WORK INSTRUCTION:
Copy nothing but the lines below, from the one with "Clocks- 4 (Four)" through the one with "イタリア製 優雅なロココ様式サイドテーブル☆女神金彩クラック塗装オブジェ置物", exactly as written; no pictures should appear.

DATA SECTION:
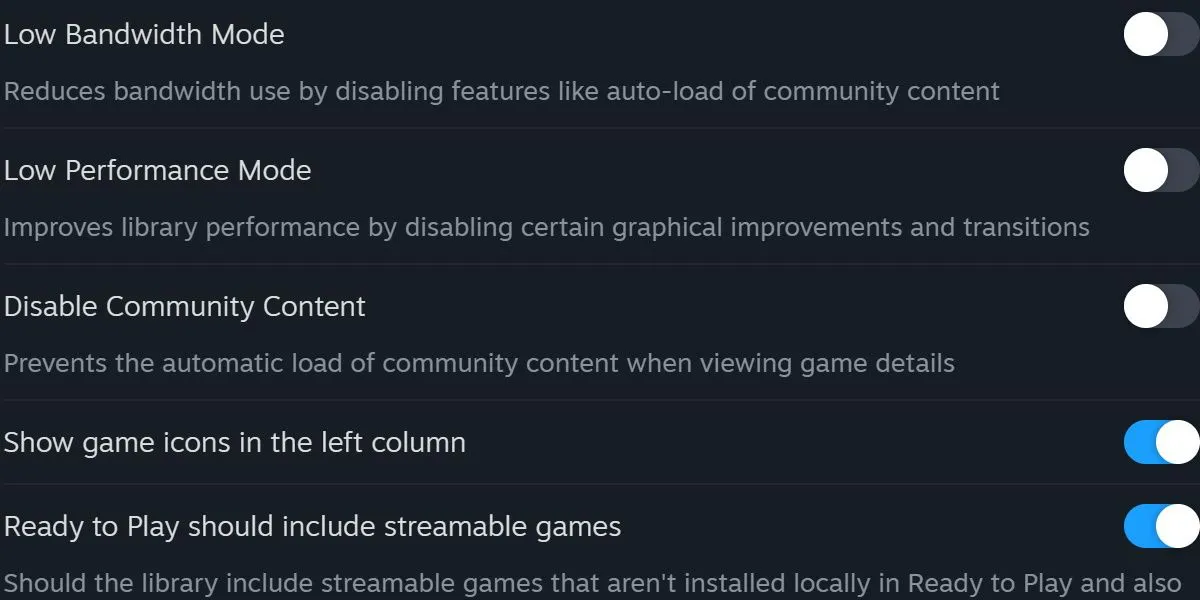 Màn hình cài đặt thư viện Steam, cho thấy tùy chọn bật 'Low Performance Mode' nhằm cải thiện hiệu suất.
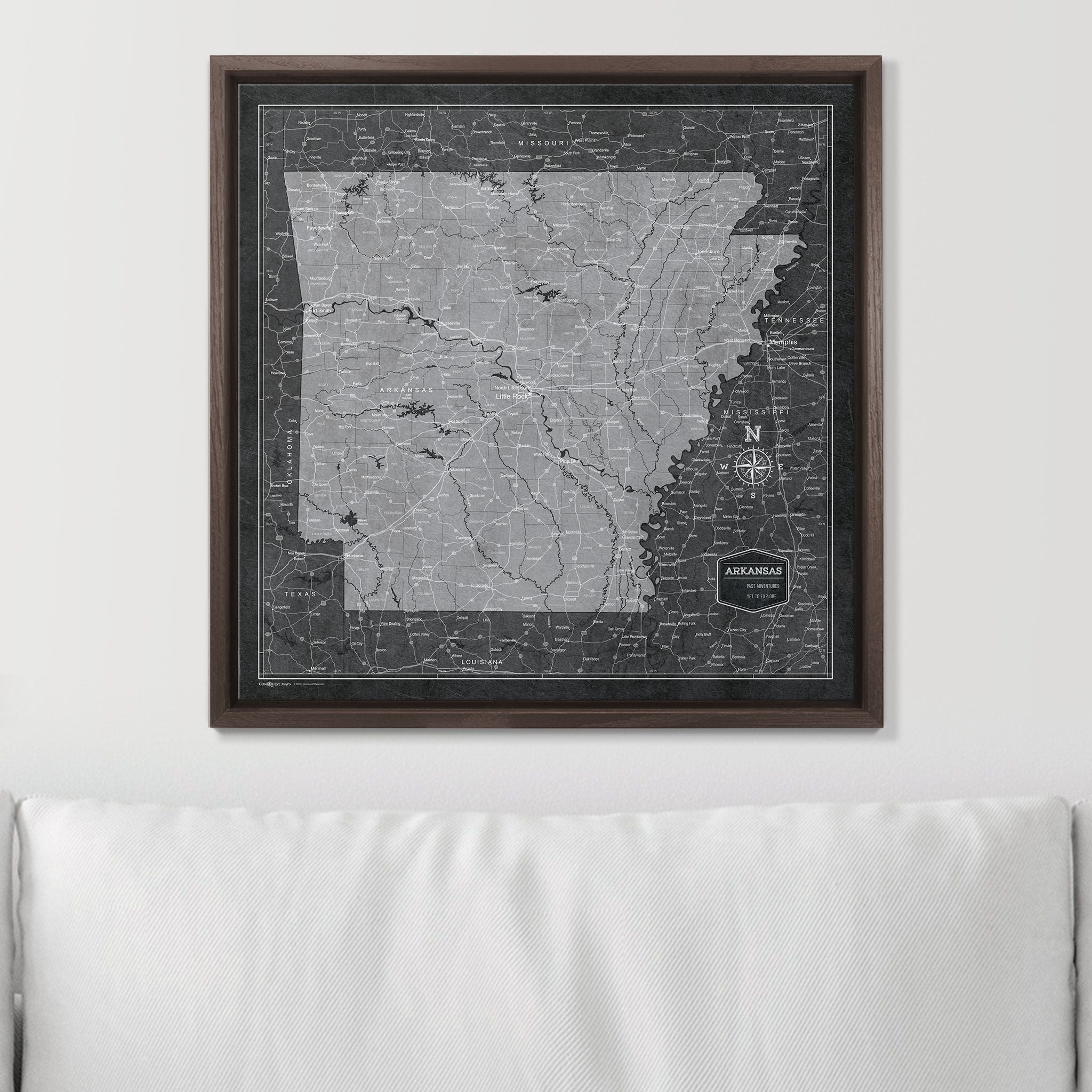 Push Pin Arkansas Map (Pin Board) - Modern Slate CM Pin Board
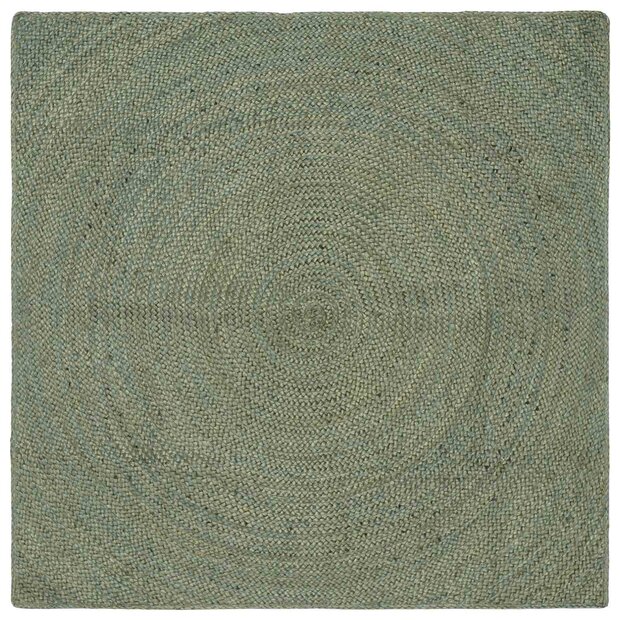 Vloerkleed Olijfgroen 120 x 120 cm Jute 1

==

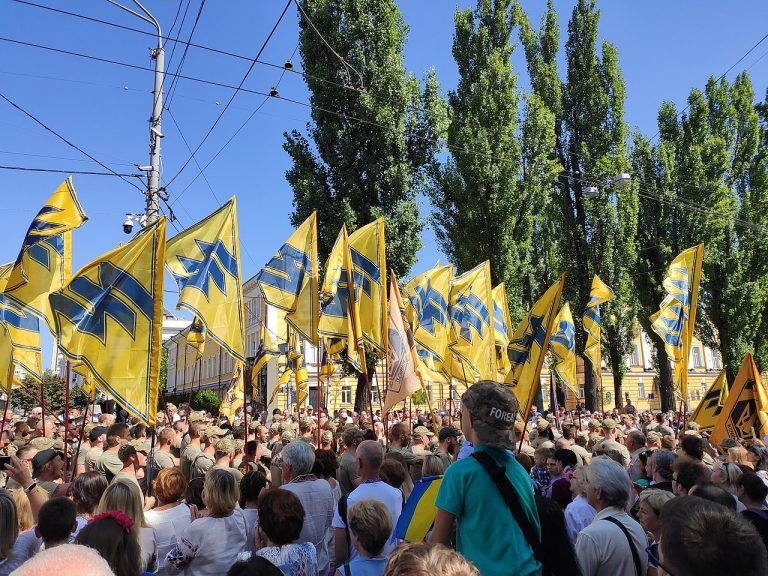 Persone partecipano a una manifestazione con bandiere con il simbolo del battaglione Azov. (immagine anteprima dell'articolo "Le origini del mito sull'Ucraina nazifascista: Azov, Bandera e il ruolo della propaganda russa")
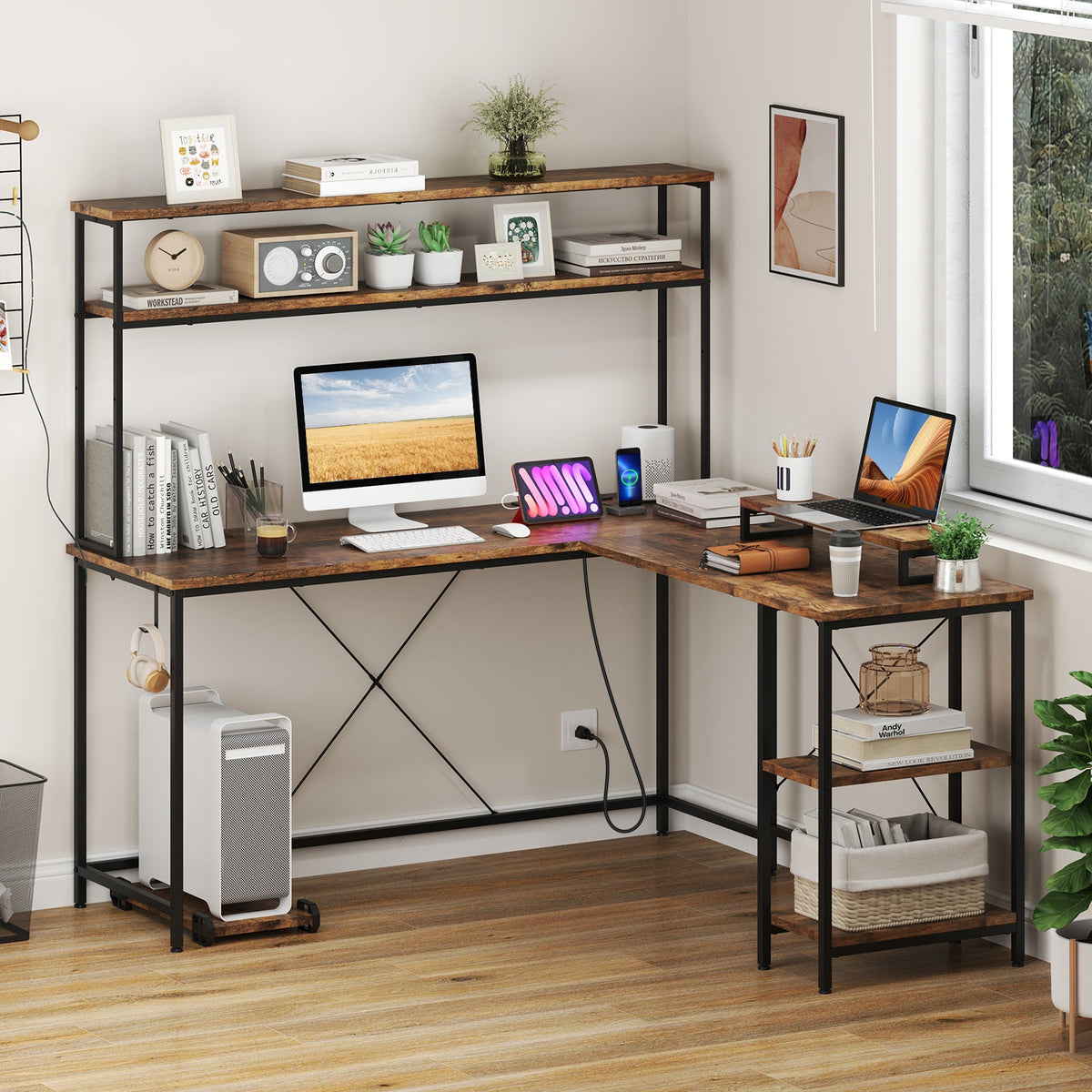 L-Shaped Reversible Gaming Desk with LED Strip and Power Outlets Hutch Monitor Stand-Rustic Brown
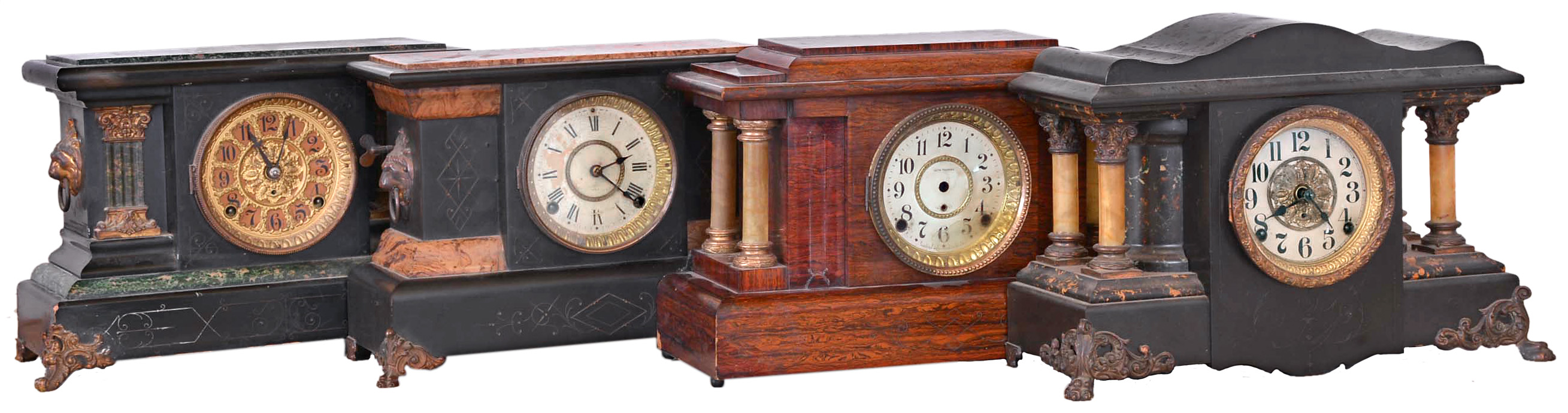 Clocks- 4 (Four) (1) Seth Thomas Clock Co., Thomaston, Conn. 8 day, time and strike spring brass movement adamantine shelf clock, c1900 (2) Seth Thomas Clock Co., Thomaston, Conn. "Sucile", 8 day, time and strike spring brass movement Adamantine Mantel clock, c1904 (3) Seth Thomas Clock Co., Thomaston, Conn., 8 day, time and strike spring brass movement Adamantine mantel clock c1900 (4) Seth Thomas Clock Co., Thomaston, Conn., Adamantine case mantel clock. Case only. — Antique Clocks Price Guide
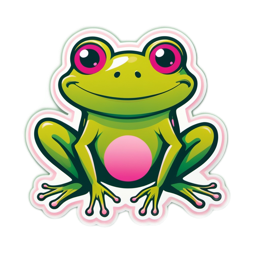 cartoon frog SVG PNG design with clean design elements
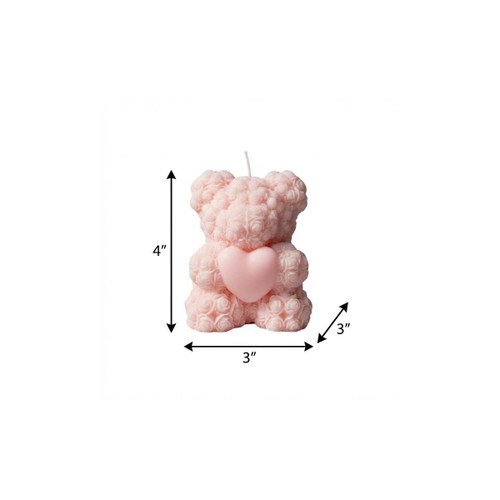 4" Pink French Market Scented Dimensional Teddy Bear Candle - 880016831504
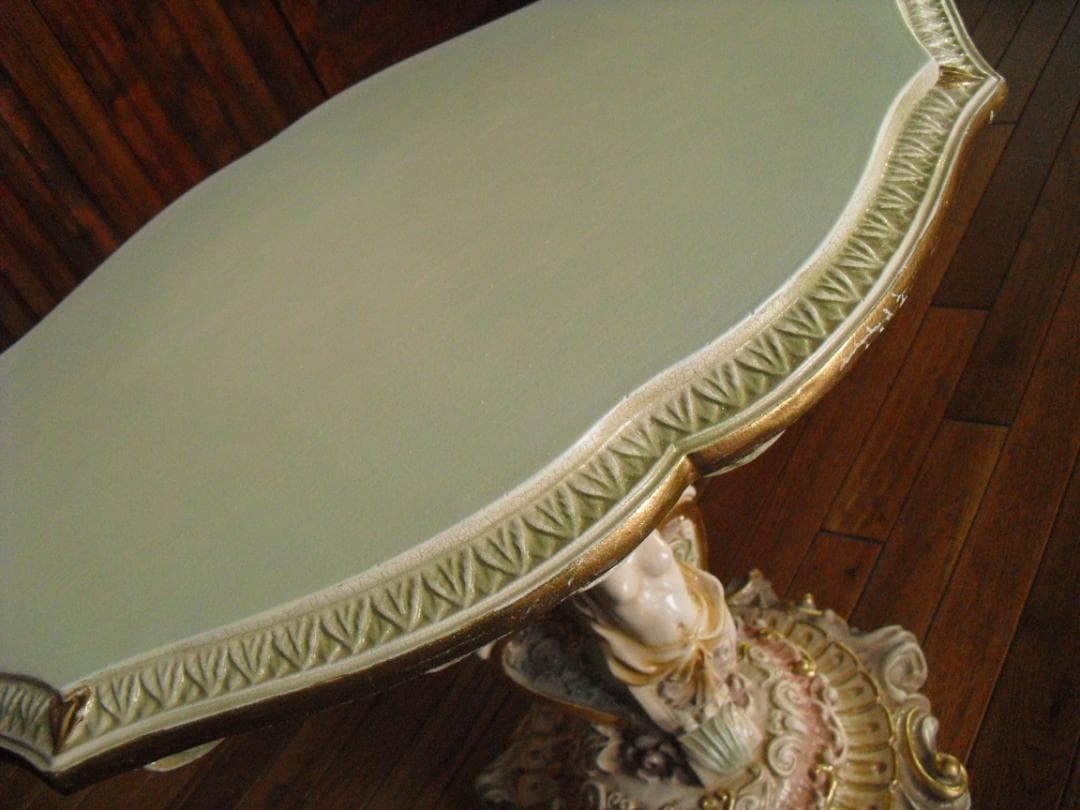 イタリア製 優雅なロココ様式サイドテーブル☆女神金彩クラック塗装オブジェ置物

SOLUTION:
 Clocks- 4 (Four) (1) Seth Thomas Clock Co., Thomaston, Conn. 8 day, time and strike spring brass movement adamantine shelf clock, c1900 (2) Seth Thomas Clock Co., Thomaston, Conn. "Sucile", 8 day, time and strike spring brass movement Adamantine Mantel clock, c1904 (3) Seth Thomas Clock Co., Thomaston, Conn., 8 day, time and strike spring brass movement Adamantine mantel clock c1900 (4) Seth Thomas Clock Co., Thomaston, Conn., Adamantine case mantel clock. Case only. — Antique Clocks Price Guide
 cartoon frog SVG PNG design with clean design elements
 4" Pink French Market Scented Dimensional Teddy Bear Candle - 880016831504
 イタリア製 優雅なロココ様式サイドテーブル☆女神金彩クラック塗装オブジェ置物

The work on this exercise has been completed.